Présentation des faits 1
Pendant plus d’une dizaine d’années, un comptable a accompli pour le compte d’un client diverses prestations comptables et fiscales, tenant essentiellement à la tenue de la comptabilité, à l’établissement des déclarations à la TVA et à l’impôt des personnes physiques. Ce client exploitait un commerce d’articles de pêche et de chasse, ainsi que, pendant un temps limité, une activité complémentaire de marchand de biens immobiliers.
Devant l’inertie de son client, le comptable lui adressa un rappel portant sur onze factures impayées. Le client contesta les sommes réclamées, au motif que la comptabilité et les déclarations dressées par le comptable étaient constellées d’erreurs ayant entraîné la débition d’intérêts de retard, d’amendes administratives adressées par l’administration de la TVA et de poursuites devant la chambre de dépistage des faillites.
Le désaccord entre les parties fut soumis au tribunal de commerce de Charleroi. Le jugement rendu n’allant pas dans le sens du comptable, celui-ci interjeta appel de la décision.
Décision de la Cour d’appel de Liège
Devant la juridiction d’appel, le comptable réclame le paiement des prestations qu’il a fournies. Son client, quant à lui, demande des dommages et intérêts pour le préjudice subi à cause des fautes imputées au comptable.
Dans son arrêt, la Cour précise que le nœud du litige n’est pas la détermination du prix réclamé par le comptable du chef de ses prestations, dont la réalité et l’importance ne sont pas contestées ; mais dans l’appréciation du bien-fondé de l’exception d’inexécution soulevée par le client suite aux manquements qu’il impute au comptable dans la prestation de ses services.
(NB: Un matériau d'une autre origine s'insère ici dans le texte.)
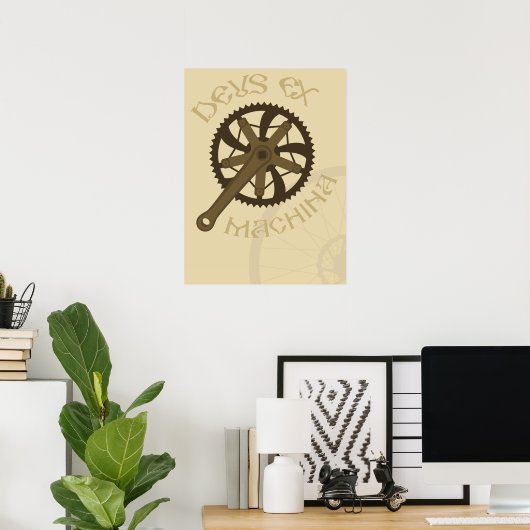 Poster Deus ex machina (Bureau à domicile)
Manquements dont il poursuit la réparation.
La Cour poursuit en constatant que le client n’apporte pas la preuve des manquements reprochés au comptable. Au surplus, en s’abstenant de toute réclamation pendant la période visée par les factures litigieuses et en continuant à confier régulièrement à l’appelante des tâches comptables et fiscales alors qu’il était en mesure de critiquer les travaux du comptable ; le client a invoqué l’exception d’inexécution dans des conditions contraires à la bonne foi.
Qu’à supposer même que soit établie l’existence des manquements dans le chef du comptable, il reste que, ni la consistance, ni l’importance de pareil préjudice, ne sont déterminables. De sorte qu’ils ne justifient pas l’inexécution temporaire de ses propres obligations par le client. En conséquence, la Cour fait droit à la demande du comptable.
Bon à savoir
L’exception d’inexécution est un mécanisme propre aux rapports synallagmatiques, généralement issus de contrats, dans lesquels chacune des parties a la charge d’exécuter une ou plusieurs obligations. Ce mécanisme autorise une partie au contrat à suspendre l’exécution de ses propres obligations en raison de la défaillance préalable de son cocontractant 2.
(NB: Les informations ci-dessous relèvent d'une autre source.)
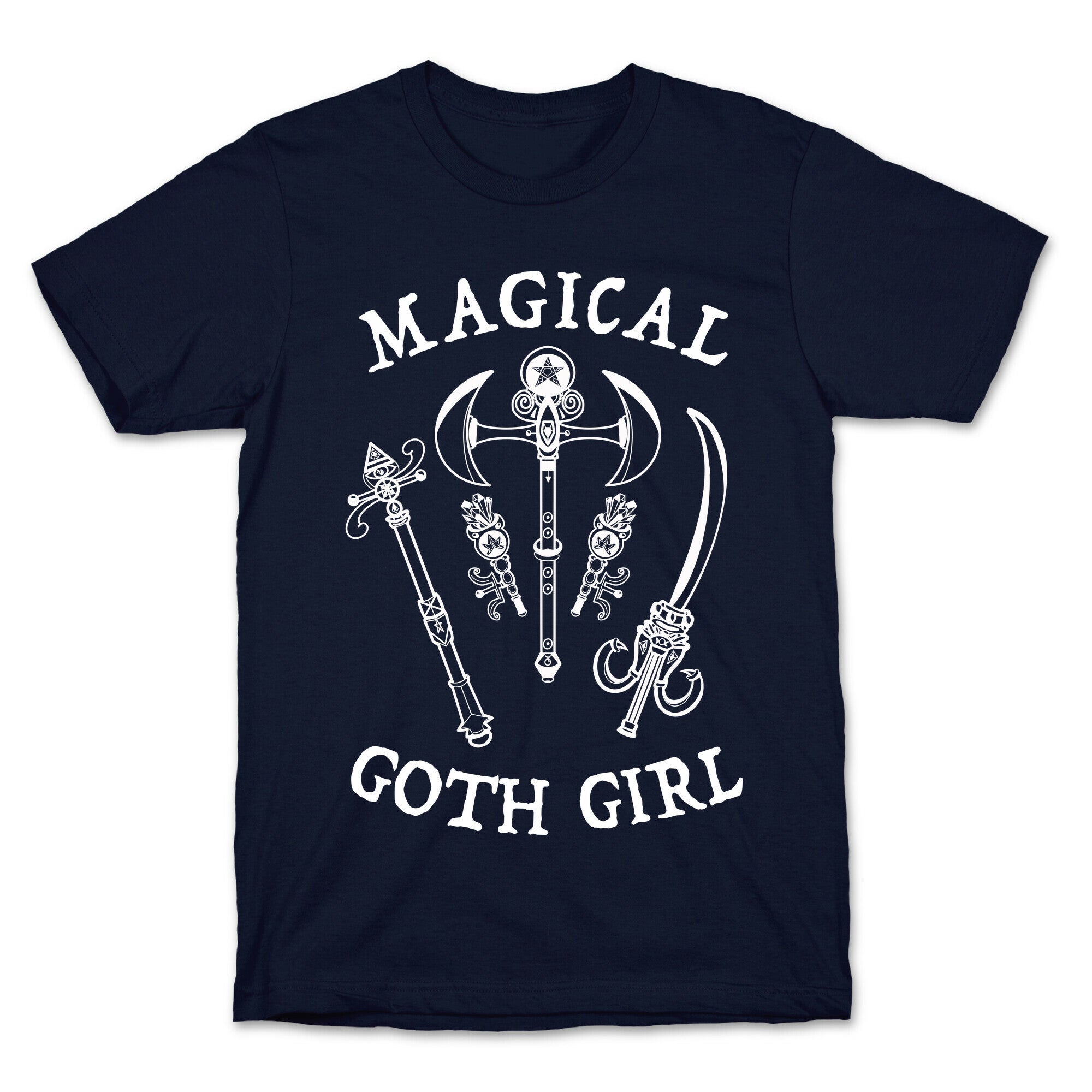 Magical Goth Girl White T-Shirt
Pour être accueillie, cette exception exige la réunion de plusieurs conditions. Les obligations des parties doivent être exécutées trait pour trait 3, c’est-à-dire qu’elles sont exigibles en même temps. Ensuite, la créance de celui qui invoque l’exception doit être certaine quant à son existence et exigible, sans qu’il soit toutefois requis qu’elle soit liquide. Il faut encore que la défaillance soit imputable à l’autre cocontractant et que l’exception d’inexécution ne soit pas invoquée dans des conditions contraires à la bonne foi. Enfin, il revient au juge d’apprécier si les manquements invoqués justifient l’inexécution temporaire de ses propres obligations par celui qui s’en prévaut 4.
Dans le cas d’espèce, plusieurs conditions ne sont pas réunies. Outre la question de l’imputabilité, il ressort du cas d’espèce que, tant l’importance du préjudice prétendument subi par le client 5, que l’attitude de ce dernier, empêchent que l’exception d’inexécution soit valablement invoquée. Un cocontractant qui s’abstient d’émettre des reproches à l’encontre de l’autre partie pour les manquements qu’elle commet ne peut, par après, se prévaloir de bonne foi de l’exception d’inexécution. Il ne s’agit en effet pas d’un comportement correspondant aux normes objectives à respecter dans pareil cas 6.
_______________
1. Appel Mons, 16 décembre 1996, J.T., 1997/22, p. 436.
2. Cass., 14 mars 1991, Pas., 1991, I, p. 652.
3. P. Van Ommeslaghe, Droit des obligations, t. I, Bruxelles, Bruylant, 2010, p. 860.
4. S. Stijns, D. Van Gerven et D. Wéry, « Chronique de jurisprudence - Les obligations : les sources (1985-1995) », J.T., 1996, p. 689, n° 158 à 161.
5. Cass., 15 juin 1981, Pas., 1981, I, p. 1179.
6. P. Van Ommeslaghe, op. cit., p. 865.